LEGENDS OF THE BAR

TO-WIT: LEGENDS OF THE BAR

There is something about being a lawyer that makes me acutely aware of the passage of time. Maybe its because, as a profession, we spend so much time dealing with deadlines…statutes of limitations, responsive pleadings, the start of happy hour. Maybe its because we are constantly looking over our shoulders at times past to find cases that support whatever proposition we have, for that day, been hired to advance. Or maybe its because I have reached that age where I know with undisputable certainty that I am on the back nine, an image made all the more vivid in my mind by the recent and sudden death on the golf course of a longtime friend and law school classmate, a man six months younger than me, I am obliged to recall.

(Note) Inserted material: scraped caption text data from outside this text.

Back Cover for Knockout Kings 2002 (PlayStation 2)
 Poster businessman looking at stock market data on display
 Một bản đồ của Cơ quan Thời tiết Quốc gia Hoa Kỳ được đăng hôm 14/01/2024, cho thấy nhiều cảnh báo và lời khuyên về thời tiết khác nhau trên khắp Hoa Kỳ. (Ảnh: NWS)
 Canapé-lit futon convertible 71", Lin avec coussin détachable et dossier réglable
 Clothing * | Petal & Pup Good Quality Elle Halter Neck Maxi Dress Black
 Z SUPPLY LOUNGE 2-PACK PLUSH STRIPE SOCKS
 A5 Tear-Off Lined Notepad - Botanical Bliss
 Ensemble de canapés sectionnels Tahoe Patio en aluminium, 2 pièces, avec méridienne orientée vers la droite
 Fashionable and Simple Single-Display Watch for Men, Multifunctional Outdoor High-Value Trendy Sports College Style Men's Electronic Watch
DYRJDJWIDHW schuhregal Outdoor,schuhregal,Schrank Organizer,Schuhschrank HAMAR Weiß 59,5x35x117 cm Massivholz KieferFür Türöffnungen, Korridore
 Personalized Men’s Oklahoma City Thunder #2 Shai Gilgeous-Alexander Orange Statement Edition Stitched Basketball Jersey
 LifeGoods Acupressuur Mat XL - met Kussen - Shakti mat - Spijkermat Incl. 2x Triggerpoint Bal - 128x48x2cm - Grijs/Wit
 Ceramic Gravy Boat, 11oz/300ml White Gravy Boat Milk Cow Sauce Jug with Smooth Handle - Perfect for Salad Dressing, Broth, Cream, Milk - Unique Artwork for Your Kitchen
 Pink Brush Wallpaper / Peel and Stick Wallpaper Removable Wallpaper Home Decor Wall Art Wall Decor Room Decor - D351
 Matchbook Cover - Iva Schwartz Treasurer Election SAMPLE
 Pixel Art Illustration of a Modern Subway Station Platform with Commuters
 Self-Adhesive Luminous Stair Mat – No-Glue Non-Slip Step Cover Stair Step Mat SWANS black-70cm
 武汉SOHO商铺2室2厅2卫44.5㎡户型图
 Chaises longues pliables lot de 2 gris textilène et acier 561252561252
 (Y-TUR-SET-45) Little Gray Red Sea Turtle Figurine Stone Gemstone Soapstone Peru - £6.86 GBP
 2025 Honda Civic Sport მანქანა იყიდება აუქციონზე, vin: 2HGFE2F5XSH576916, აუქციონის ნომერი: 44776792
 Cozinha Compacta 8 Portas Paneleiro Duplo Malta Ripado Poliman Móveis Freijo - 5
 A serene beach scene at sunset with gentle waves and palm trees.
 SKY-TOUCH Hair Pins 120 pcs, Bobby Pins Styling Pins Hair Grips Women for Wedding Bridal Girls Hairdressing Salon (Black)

I was a young man when I started this journey thirty five years ago, but that is no longer the case. Many of the colleagues I have known in that time are gone now, some of them quite dear to me. They are this moment on my mind for several reasons, not the least of which is that three months ago, when my appendix decided to perforate and not tell me until three days later, I almost joined them.

Most of them were not great lawyers. There was nary a Clarence Darrow in the bunch, save perhaps one. But they were good lawyers, good people, and they did good things. Who is there, I ask, to remember them, to recall and recite their legacies? Well, there’s me. I know some of their stories, and by recounting them here, there will then be you to remember them. To borrow a phrase I used many years ago, they were all people of substance, although the composition of the substance varied. Here are some of their stories. Mark them well. Your time will come soon enough.

My all time favorite lawyer story involves Bill Honikker. Bill, as a human being, was a bit rough around the edges. Inside the edges though, he was a true sleaze, but I liked him. He one time referred me a very messy divorce case, one in which the wife had taken photos of herself and her adulterous lover in various stages of sexual congress and which her husband had found. The ultimate settlement included the return of the photos. After the case was over, Bill called me to advise that he would forgo any referral fee in exchange for the pictures.

So yes, he was sleazy. But he is best known for a incident in which he did not personally participate.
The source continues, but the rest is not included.